C'est le mont des Oliviers avec le jardin de l'agonie, dont les oliviers séculaires ont été arrosés par la sueur du Christ. En ville, c'est la voie douloureuse, le Calvaire, le Saint Sépulcre. Les cérémonies représentent toute la passion du Christ. Du temple de Salomon il ne reste pas pierre sur pierre comme l'évangile l'a prédit; mais il en reste l'enceinte et toutes les semaines les juifs vont y pleurer leur honte. Je laisse d'autres souvenirs dont je vous parlerai bientôt à La Capelle.

La température est assez agréable; cependant il fait plus froid qu'en Égypte.

Je vous écris régulièrement et je crains que plusieurs de mes lettres ne se perdent; mais ne vous inquiétez pas, j'espère vous arriver bientôt en bonne santé. J'ai reçu à temps la lettre de crédit; je n'en ai pas trouvé de mon oncle Dehon3. Siméon m'a écrit: il m'annonce la révolution au collège d'Hazebrouck; je tâcherai d'écrire à Mr Boute pour le féliciter de sa résolution4. J'ai bien écrit à Mr Demiselle d'Athènes5, ma lettre se sera perdue. J'ai trouvé aujourd'hui votre lettre et celle de Laure: cela m'a rendu ma gaieté que j'avais perdue depuis quelques jours.

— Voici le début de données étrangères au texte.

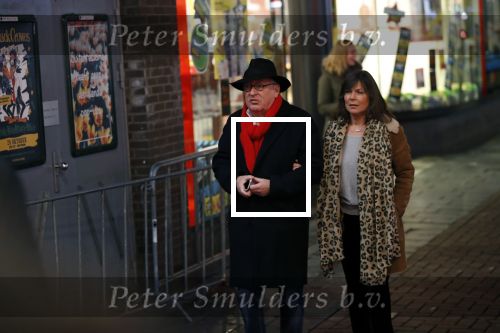 Amsterdam 10 februari 2020
Youp v t Hek  en zijn vrouw Debbie Petter . Youp eet een pepermuntje
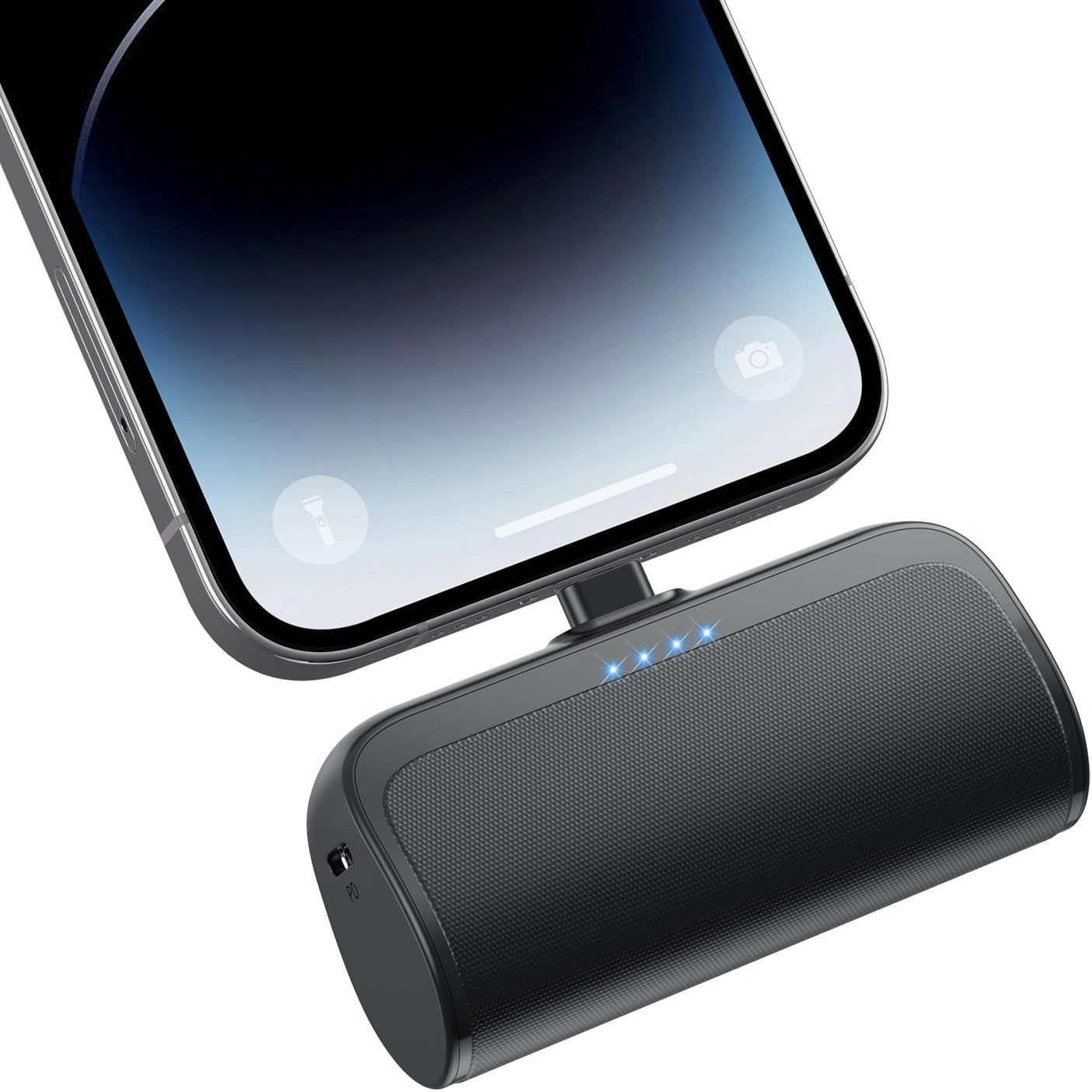 Cargador portátil pequeño de 5200 mAh para iPhone, ultra compacto de 20 W PD carga rápida, cargador de batería mini compatible con iPhone 1414 Pro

Je vous embrasse de tout cœur.

Votre dévoué fils

L. Dehon

Dites à madame Fiévet que je ne l'oublie pas au St Sépulcre. Je prierai aussi pour madame Borgnon et les autres malades de la famille.

À Constantinople (Turquie) poste restante.

1 Du 26 mars au 10 avril, visite détaillée de Jérusalem et des environs: la Mer Morte et le Jourdain, Jéricho, Béthanie… Bethléem, Hébron, la vallée de Mambré, St Jean-du-Désert. En VO V, 133 vº - VI, 9 rº (67 pages); NHV III, 148-187.

2 Avec cependant pour Léon un petit détour et séjour de 10 jours à Rome cf. LD 28.

3 Cf. LD 9 (note 5).

4 Sur Siméon cf. LD 4 (note 3). La «révolution» au collège d'Hazebrouck est la révocation par le gouvernement impérial (ministre V. Duruy), en mars 1865, de Mr Dehaene comme Principal, et la fondation par celui-ci d'un nouveau collège libre - l'Institut S. François d'Assise - bientôt florissant (cf. NHV I, 14 vº). Mr Boute s'était résolu, avec tous les prêtres professeurs, à suivre Mr Dehaene (NHV I, 19 vº). À ce sujet cf. de l'abbé Lemire (élève du collège comme Léon Dehon): «L'abbé Dehaene et la Flandre». Léon Dehon écrivit, en effet, de Jérusalem à l'abbé Boute qui lui répond longuement le 5 (?) mai à ce sujet (cf. LC 12).

5 Sur M. Demiselle cf. LD 4 (note 3).